I'm hunting for a series.. which used to air every sunday around 10am (cant remember properly) before 1989 or so. It featured futuristic warriors and their adventures.. the warriors wear silver jumpsuits and helmets with dark red (biege) visors, and the suit has a 'star trek-ish' or eagle symbol near their hearts. They could teleport between dimensions and transport from space station to the land, by putting their fist over the symbol on their suits and recite a command or something.. and another mode of transportation/teleportation is a portal with 5 bays all arranged in circle facing each other's back and 2 panels on either side of pods to place their hand on them to scan/identify.
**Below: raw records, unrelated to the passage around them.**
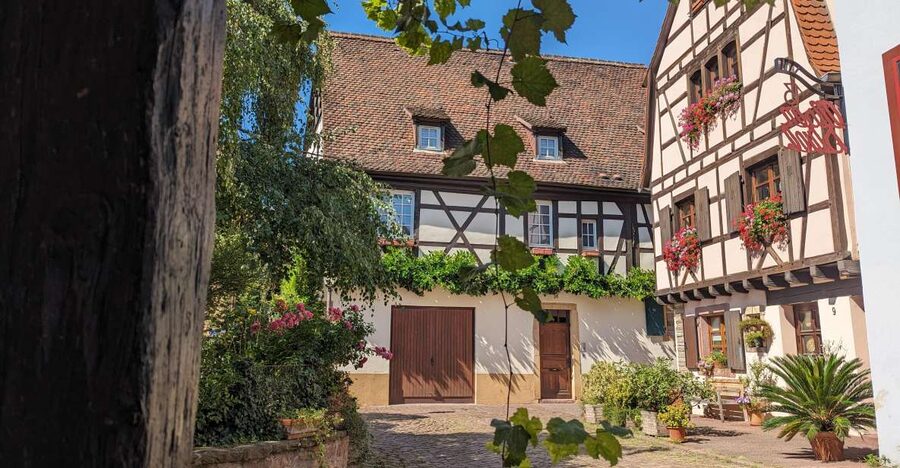 Colmar: Unusual Walking Tour with a local guide - Reading Colmar through its medieval streets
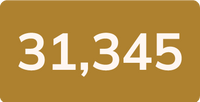 Stat_yellow-z-15.png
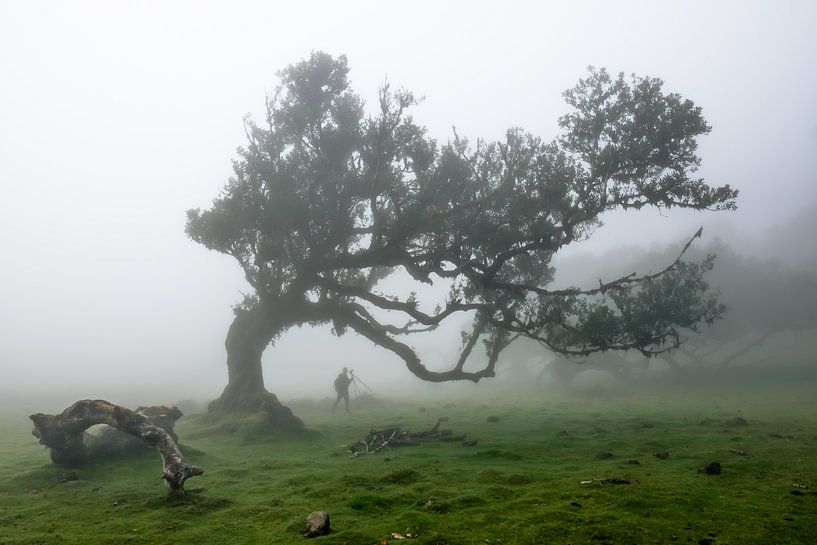 Die magischen Bäume von Fanal1 von Eric Hokke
thats what i can recollect at the most.. and yes, to make this clear, this series was aired even before DD started airing Jungle Book Series. To be precise i remember that it being aired when DD aired foriegn series primetime (1983-1990) during the time of streethawk, knight rider, and japanese animes ..
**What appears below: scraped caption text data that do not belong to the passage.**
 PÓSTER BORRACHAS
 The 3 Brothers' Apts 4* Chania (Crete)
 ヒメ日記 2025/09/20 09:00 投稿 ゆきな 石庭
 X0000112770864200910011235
does any "older" members here remember the name of the futuristic show?


----------



## confused!! (Mar 19, 2008)

*Re: In 1997-98, indian channel "HOME TV" aired kungfu tv series what were their names*

was it sigma???


----------



## rayne (Mar 19, 2008)

*Re: In 1997-98, indian channel "HOME TV" aired kungfu tv series what were their names*

Sorry i cant remember the names 
and i couldnt even find any detailed info/clips on "sigma" except for that its name was "Space City Sigma".

do you have any clips or caps of that series? afaik i thought that was foriegn series, as the gfx were awesome (at that time) and it isnt Star Trek either


----------



## ajayritik (Mar 19, 2008)

*Re: In 1997-98, indian channel "HOME TV" aired kungfu tv series what were their names*

Is this the same one in which they used to play Enigma theme during the titles?


----------



## Rockstar11 (Mar 19, 2008)

*Re: In 1997-98, indian channel "HOME TV" aired kungfu tv series what were their names*



ajayritik said:


> Is this the same one in which they used to play Enigma theme during the titles?



no,
Himgiri ka veer (Flying Fox Of Snowy Mountain ) on Zee TV.
*www.youtube.com/watch?v=6KMXvnRfgLw


----------



## sunny155 (Sep 11, 2008)

*Re: In 1997-98, indian channel "HOME TV" aired kungfu tv series what were their names*

Hello Guys, Mujhe yaad hai woh din jab mai school se aake 6 bajne ka wait karta tha Home TV me Kung fu series dekhene ke liye.
English wali links to hai par hindi dub wali nahi mil rahi hai.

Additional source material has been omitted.